The hearing in judge's chambers in Milan was part of a process to decide whether Berlusconi, a billionaire tycoon- turned-politician with a vast media empire, should stand trial in the case involving his company Mediatrade. It is one of several legal cases against the 74-year- old.
"The accusations are ridiculous and unfounded," Berlusconi said in a telephone interview with Channel 5 television, which he owns.
"I am the most accused person in history and in the universe," he said.
"There are still people who use the legal code as an ideological tool and think that politicised judges can destroy an enemy who has been victorious in elections and has the strength of popular consensus," he added.
The prime minister waved to the cameras as he entered the court building.
The last time Berlusconi participated in a legal hearing was in 2003 on bribery charges involving his business interests which were later thrown out.
Pier Silvio Cipolotti, a member of the law office representing Berlusconi, previously told AFP that the hearing was closed-door and that the prime minister was unlikely to make any official statements during it.
Berlusconi is already a defendant in two ongoing trials and is also set to stand trial starting on April 6 on charges of having sex with an underage prostitute and then using his position to try and cover up the alleged crime.
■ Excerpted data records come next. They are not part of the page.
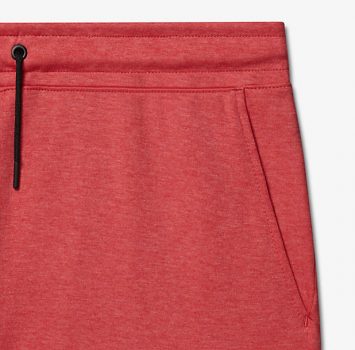 red nike fleece shorts mens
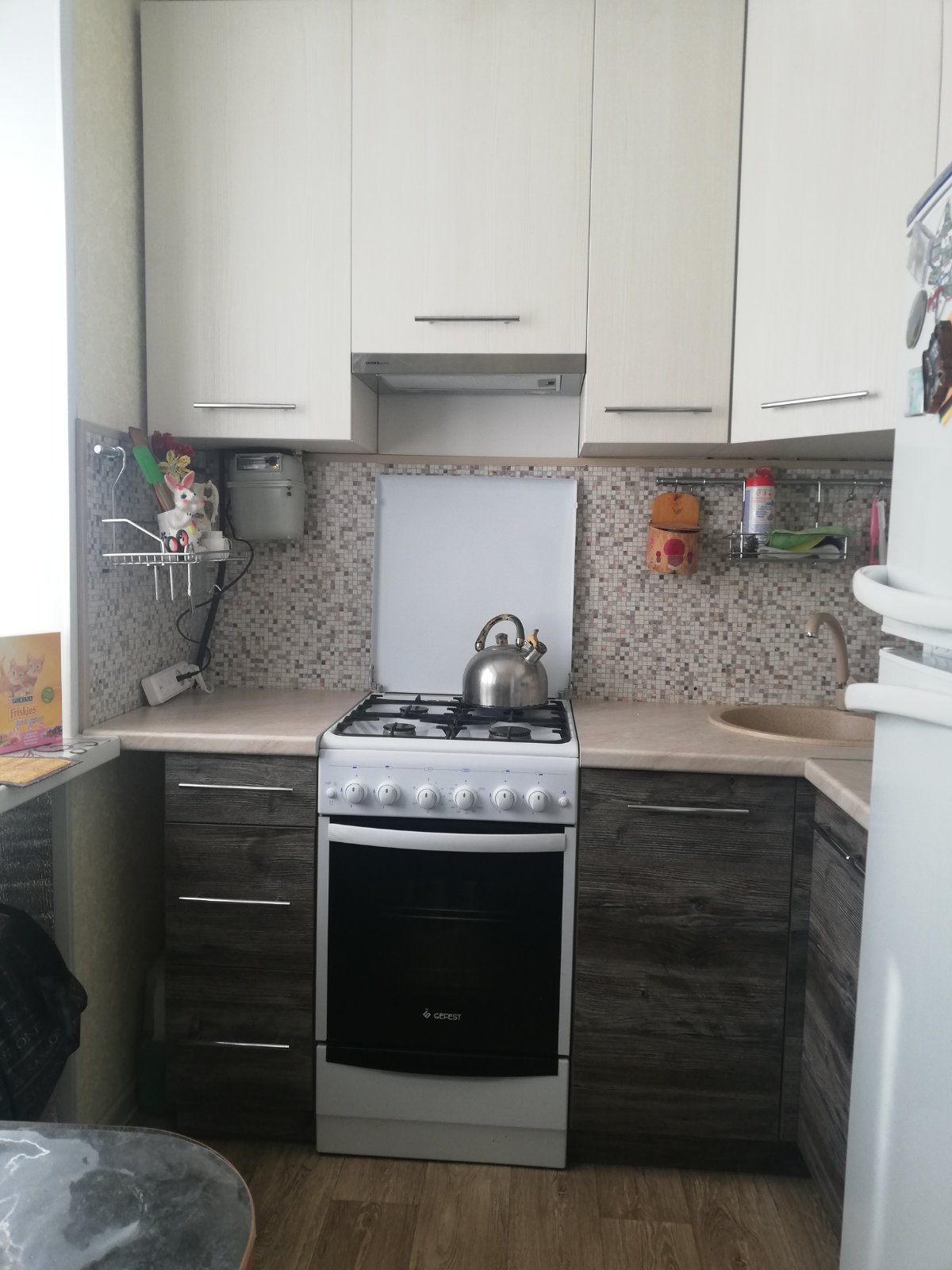 Угловая кухня Новый Взгляд 2,8 метра (бодега/сосна джексон)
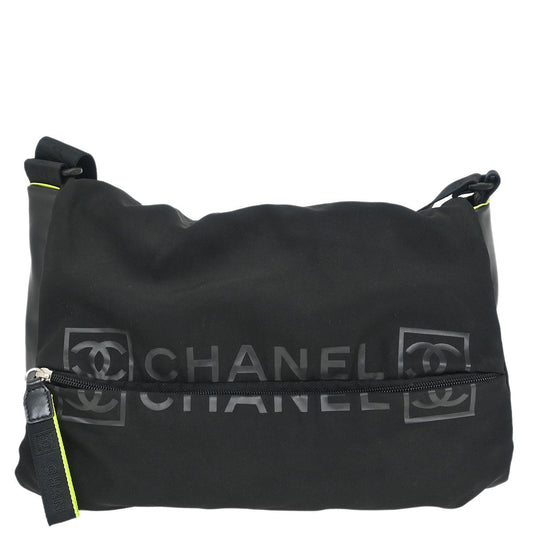 Chanel 2004-2005 Black Nylon Sport Line Shoulder Bag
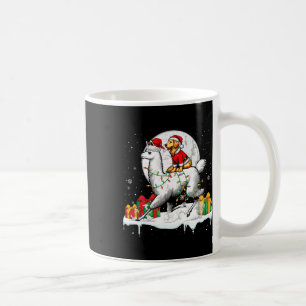 Santa Golden Retriever Riding Llama Christmas Owne Coffee Mug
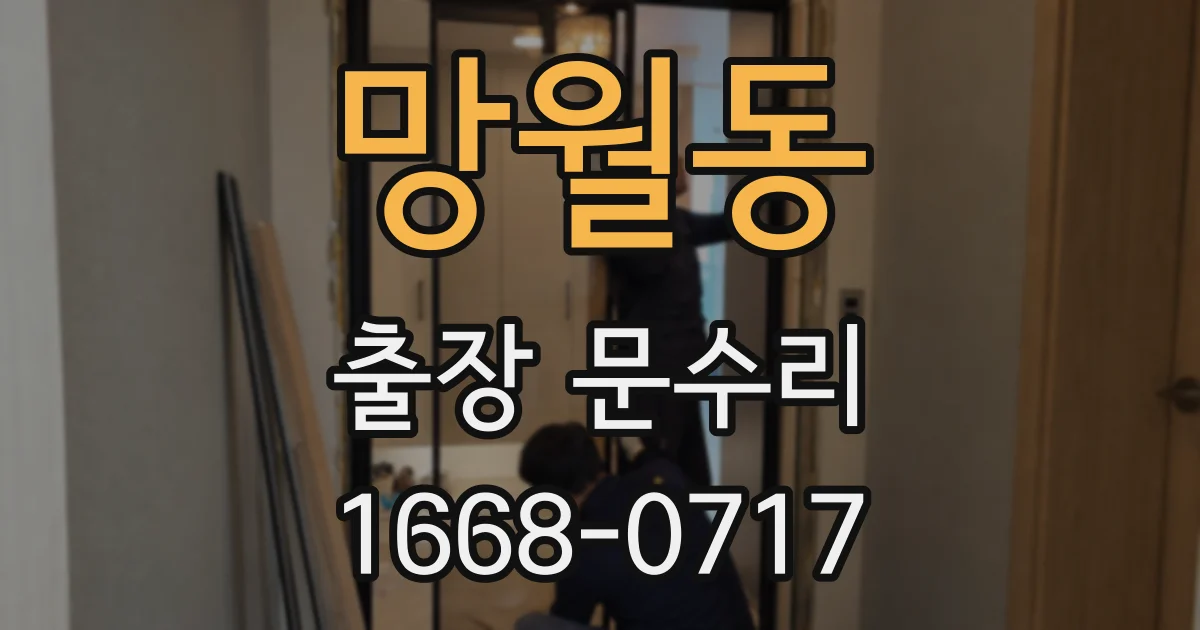 망월동 출장 문수리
The abuse of power charge carries a sentence of up to 12 years in prison.
Berlusconi has denied all charges -- swearing innocence on the lives of his children and grandchildren in typically dramatic style -- and has accused prosecutors of conspiring against him in a left-wing plot.
Around 100 of the prime minister's supporters gathered outside the main court building in Milan to protest against the slew of trials against him.
Edoardo Colombo, 45, a long-standing supporter of Berlusconi, told AFP that "no normal citizen would have to put up with this level of excessive pressure."
"No-one has ever been able to prove he has done anything illegal," he said.
They shouted: "Silvio you must resist, resist, resist." There were also a few opposition protesters outside the court building.